Dangerous New LGB Data - How Three Out of Four Lesbian, Gay, Bisexual Brits Just Disappeared

11/10/2013 16:14 BST | Updated 23/01/2014 23:58 GMT

There's an old saying made popular by Mark Twain about 'lies, damned lies, and statistics'.

As the CEO of a company that works with research data I usually take some issue with that quote - but something the UK Office for National Statistics (ONS) has just done left me shaking my head in disbelief. Last week they reported on new "experimental research" they have undertaken - trying to measure how many lesbians, gay men and bisexual people (LGB) there are in the UK.

My company Out Now works in the LGBT market so this is research we are most pleased to see happening, especially by an organisation as significant as the ONS.

Sadly though the research the ONS have produced can only best be described using that most British of expressions - as being 'not fit for purpose'.

According to the ONS statistics published last week a mere 1.5% of Brits are able to be identify themselves as being one of the three letters of the LGB community in the UK.

How many LGBT youth groups, suicide prevention lines, anti-bullying groups or gay health initiatives are in line to see their funding slashed because the 'official' count of LGBT people in the UK according to the ONS has now just been revised downwards - by more than 75%?

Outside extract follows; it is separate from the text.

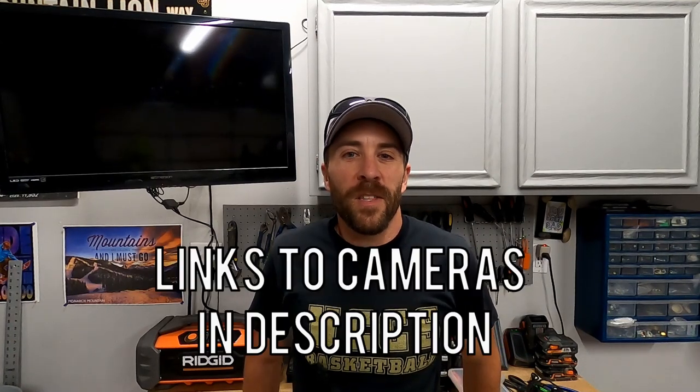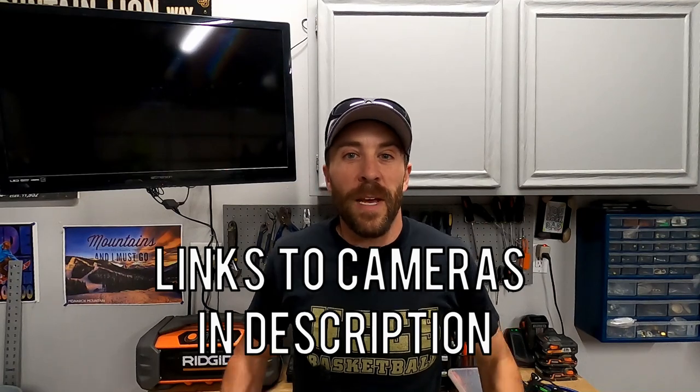That wraps it up for the install. Overall, it would probably take about three to four hours if you're starting from scratch like me. If you had the rear backup camera prep, that would make things go a lot quicker — but without it, plan for three to maybe five hours. Thanks to HaloView for sending the camera kit. This is really going to make backing up easier, especially on the blind side, and give great peace of mind while towing. Check out my other DIY projects — thanks for watching!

Given that most other studies over the years have shown us numbers closer to 6% or even 7% and above (like Yankelovich MONITOR in the US in 1992 and the peer-reviewed University of Indiana Human National Survey of Sexual Health and Behavior study of 2010) for the number of LGB people living in the USA we wondered what on earth can be happening in Britain to make LGB people so damned scarce. Well it turns out they're not. They are there - and they can even be discerned in the ONS data if you just know where to look.

You see what the ONS did that was so different from those reputable US studies I mentioned was the ONS took little to no trouble at all to establish respondent trust.

Whereas in the US Yankelovich research respondents got to know the person interviewing them over several weeks on more than one personal visit, ONS respondents were phoned at home by a stranger, who knew where they lived; or were asked to reveal their sexuality to a personal interviewer at home - knowing all members of the same household over the age of 16 would shortly be asked that same personal question.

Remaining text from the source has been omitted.